JPMorgan Chase and other large US banks on Friday reported bumper profits in the first three months of 2023 as they raked in billions of dollars in deposits from customers fleeing smaller lenders following Silicon Valley Bank’s collapse in March.
The upbeat first-quarter earnings from JPMorgan, Citigroup and Wells Fargo highlight how bigger US banks have benefited at a time of broader fears over the stability of regional banks after the failure of SVB and Signature Bank.
The higher profits also underscored how banks are making hay after a year of interest rate rises from the Federal Reserve, which lenders have used to bolster earnings rather than significantly increasing rates for depositors.
JPMorgan led the pack on Friday, with profits in the first three months of 2023 up more than 50 per cent on the back of higher earnings from lending, known as net interest income.

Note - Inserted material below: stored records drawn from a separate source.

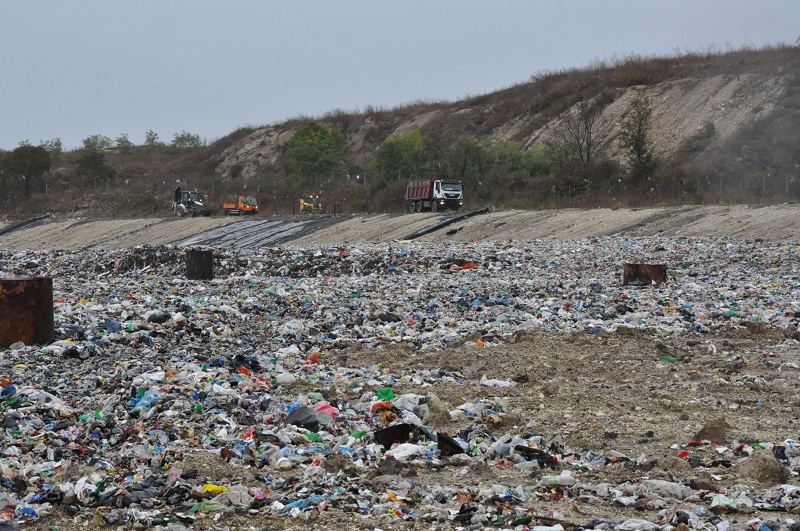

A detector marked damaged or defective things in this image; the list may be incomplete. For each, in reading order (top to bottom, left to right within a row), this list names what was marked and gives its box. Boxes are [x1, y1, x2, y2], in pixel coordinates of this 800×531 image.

rusty metal barrel [184, 250, 214, 280]
rusted drum [185, 250, 214, 280]
orange rusty barrel [185, 250, 214, 282]
rusty metal barrel [620, 262, 664, 286]
orange rusty barrel [620, 264, 664, 286]
orange rusty barrel [0, 278, 53, 350]
rusty metal barrel [0, 278, 54, 350]
rusted drum [0, 278, 54, 350]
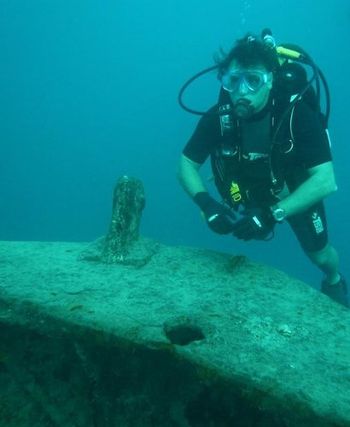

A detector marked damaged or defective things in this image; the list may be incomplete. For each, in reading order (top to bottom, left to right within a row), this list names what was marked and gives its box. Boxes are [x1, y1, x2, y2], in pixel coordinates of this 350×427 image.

corroded bollard [101, 176, 145, 264]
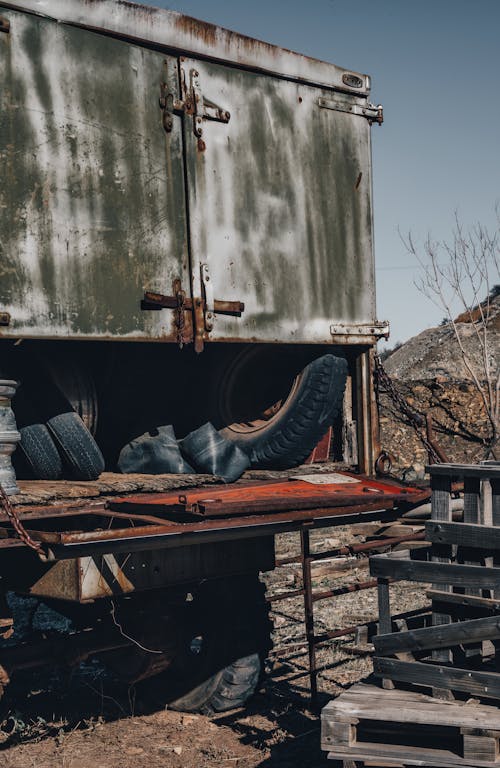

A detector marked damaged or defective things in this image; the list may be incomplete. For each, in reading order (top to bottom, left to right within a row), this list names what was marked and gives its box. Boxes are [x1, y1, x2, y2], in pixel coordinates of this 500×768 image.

rusty metal container [0, 0, 386, 348]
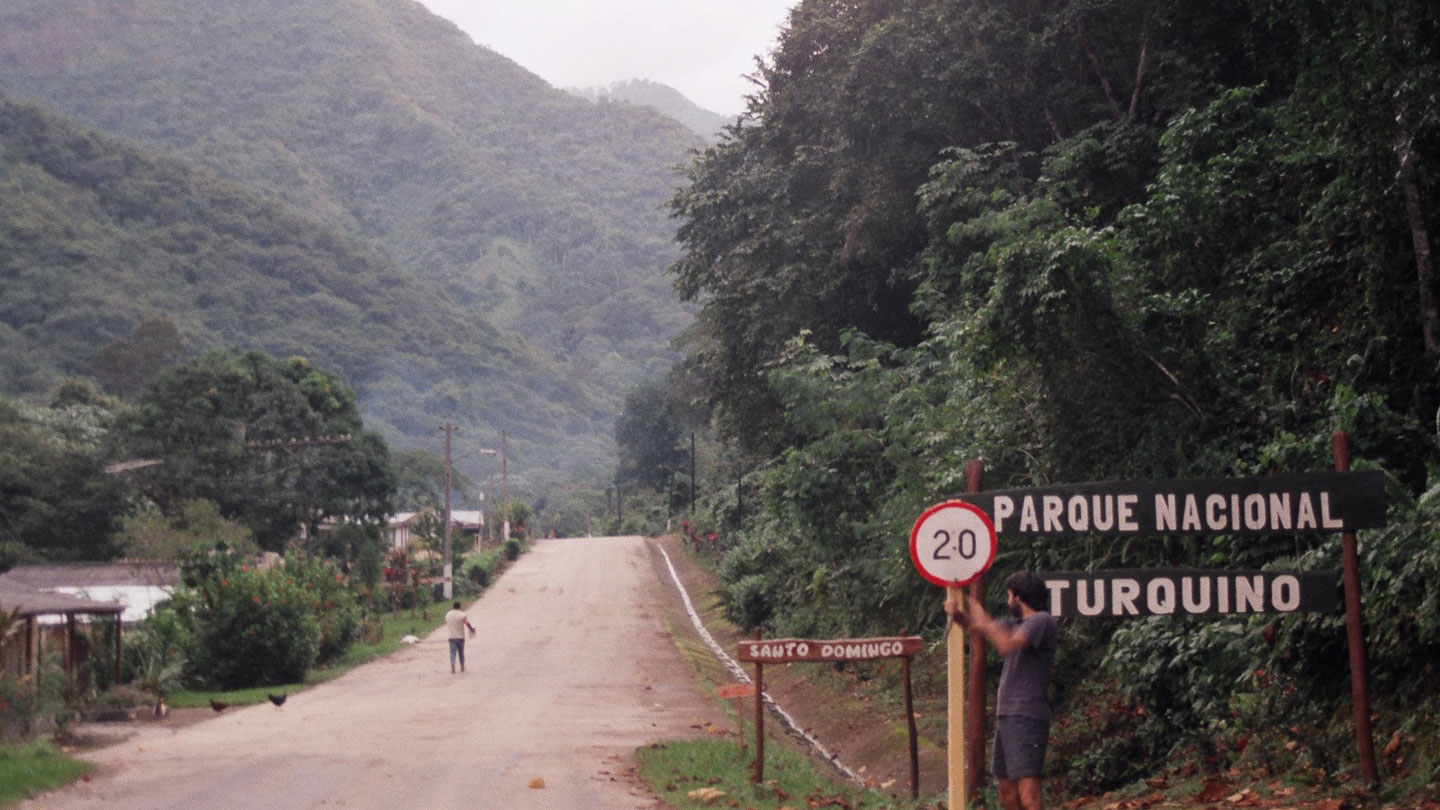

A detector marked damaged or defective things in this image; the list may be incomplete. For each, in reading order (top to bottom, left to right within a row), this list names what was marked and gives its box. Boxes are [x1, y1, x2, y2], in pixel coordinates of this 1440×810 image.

rusty metal post [898, 648, 921, 795]
rusty metal post [961, 458, 984, 795]
rusty metal post [1324, 432, 1382, 784]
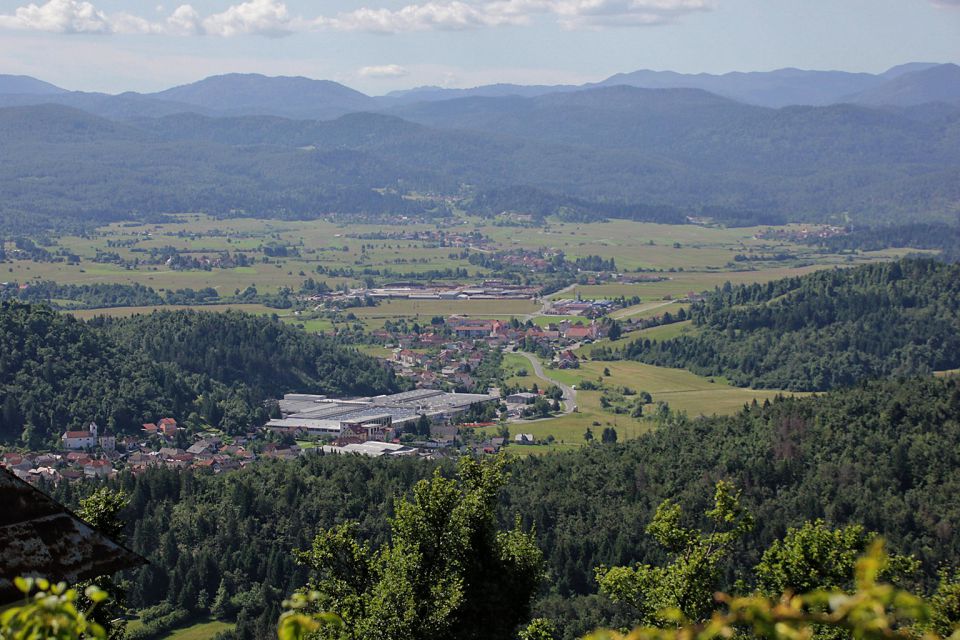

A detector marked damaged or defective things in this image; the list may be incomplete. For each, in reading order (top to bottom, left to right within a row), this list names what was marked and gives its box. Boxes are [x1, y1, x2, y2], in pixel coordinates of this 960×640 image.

rusty metal roof in foreground [0, 468, 144, 604]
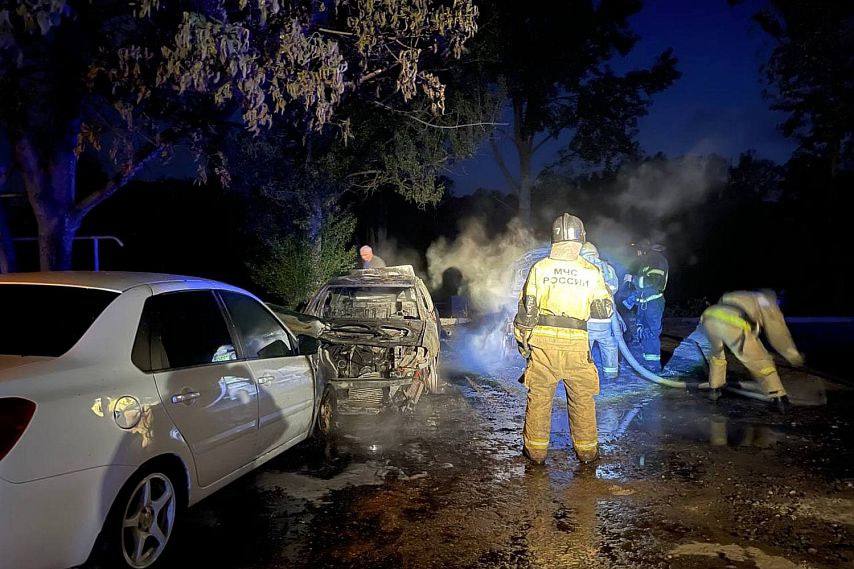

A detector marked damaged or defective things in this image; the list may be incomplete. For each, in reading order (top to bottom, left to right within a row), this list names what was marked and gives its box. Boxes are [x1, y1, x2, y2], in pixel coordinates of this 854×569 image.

burnt car [306, 264, 442, 414]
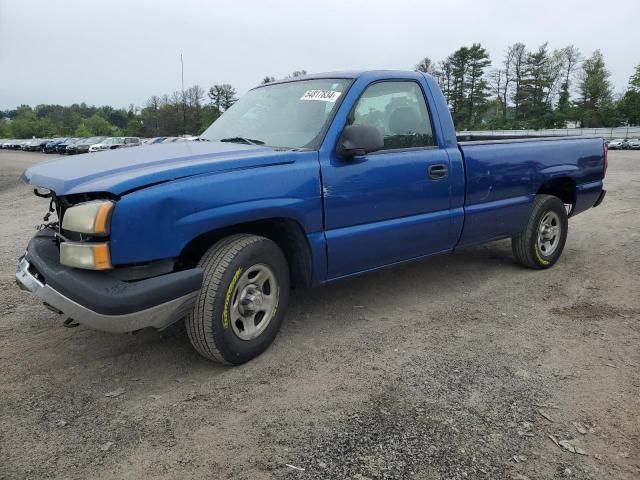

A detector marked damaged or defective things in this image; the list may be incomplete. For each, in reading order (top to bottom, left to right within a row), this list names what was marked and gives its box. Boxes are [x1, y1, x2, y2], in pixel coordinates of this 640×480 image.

exposed headlight assembly [61, 200, 114, 235]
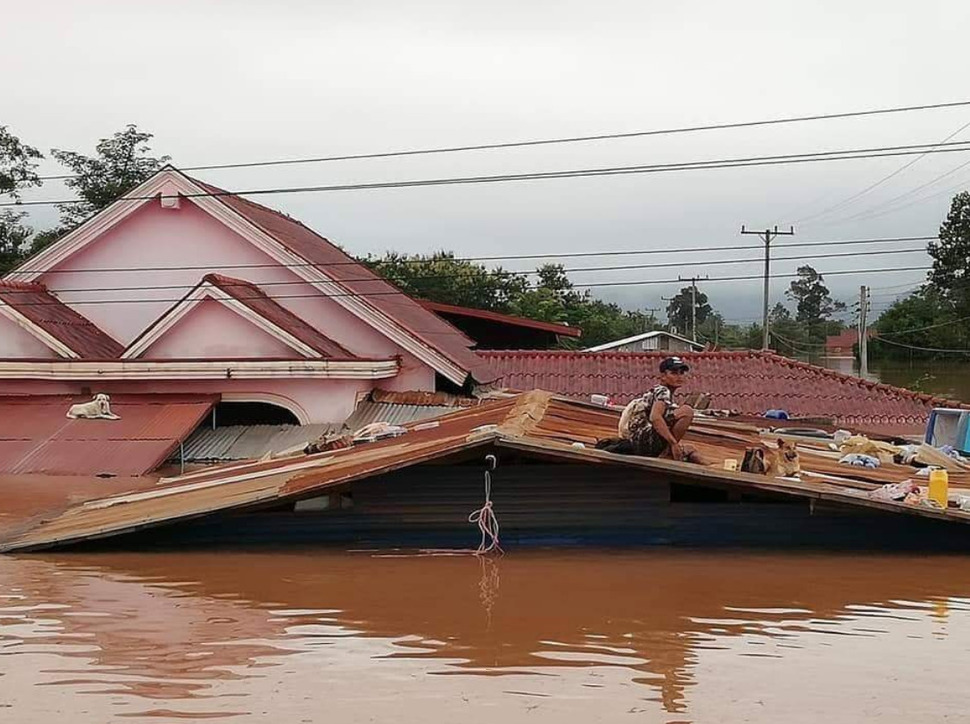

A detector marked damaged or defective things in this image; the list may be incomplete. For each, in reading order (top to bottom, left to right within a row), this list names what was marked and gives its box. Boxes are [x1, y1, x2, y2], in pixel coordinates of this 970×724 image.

rusted roof panel [0, 394, 215, 478]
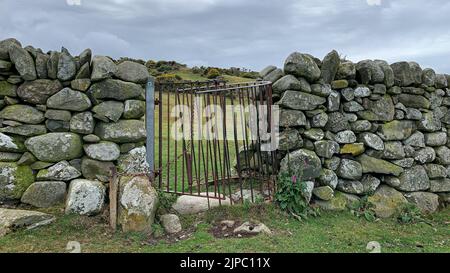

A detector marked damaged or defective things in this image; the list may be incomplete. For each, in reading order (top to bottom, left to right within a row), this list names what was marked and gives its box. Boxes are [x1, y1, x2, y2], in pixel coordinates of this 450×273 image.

rusty iron gate [146, 78, 276, 204]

The bank also lifted its outlook for net interest income for the rest of 2023 by almost 10 per cent to about $81bn.
The largest US bank by assets added $37bn in new deposits during the first three months of 2023, bringing total deposits to $2.38tn, defying analyst expectations of a decline.
Wells Fargo analyst Mike Mayo wrote in a research note that the results showed “no evidence of a banking crisis . . . it seems that JPM has been a port in the storm”.
JPMorgan shares were up 7 per cent in early-afternoon trading in New York.
Before the collapse of SVB, JPMorgan and other large banks had been steadily losing deposits as customers transferred their cash to higher-yielding products such as money market funds in order to benefit from the Fed’s rate rises.
Meanwhile, Citigroup also said it had seen roughly $30bn of deposit inflows in March, helping it to report a modest decline of 2.5 per cent to $1.33bn for the quarter overall, which slightly beat analyst expectations.
“We did see a pick-up from March 7 to the end of the quarter,” said Citi chief financial officer Mark Mason said on a call with reporters. “It was associated with the sector turmoil.”
Citi reported higher profits than expected on the back of strong consumer spending and corporate activity.
Wells reported higher than expected first-quarter earnings too but warned of potential losses in commercial real estate lending. Deposits fell 2 per cent quarter on quarter to $1.36tn.
“We did see some moderate inflows from the few specific banks that have been highlighted in the press but those inflows have abated,” said chief executive Charles Scharf.
Citi shares were up 4.3 per while Wells stock was 0.4 per cent lower, having rallied earlier in the trading session.
Pittsburgh-based PNC, a so-called superregional US bank, also reported earnings on Friday that showed average deposits had edged slightly higher in the quarter to $436bn.
Despite the upbeat earnings, the large banks struck a cautious tone for the year ahead.
JPMorgan chief executive Jamie Dimon told analysts that “the short-term read is higher recessionary risk” and that “people need to be prepared for the potential of higher rates for longer”.
Jeremy Barnum, JPMorgan chief financial officer, said the lender did not expect to hold on to all of the recent deposit inflows given that they were “somewhat flighty”.
JPMorgan also reported a net reserve of $1.1bn for credit losses, a sign that the bank is preparing for losses on loans to creep up.
Citi set aside $2bn for loan losses in the quarter, which was higher than expected. Mason said the bank’s relatively strong results had not changed his view that the economy was likely to enter a recession in the second half of the year.
Bank of America reports results on Tuesday while Goldman Sachs and Morgan Stanley, which have businesses that skew more towards investment banking, trading and asset management, report earnings on Tuesday and Wednesday, respectively.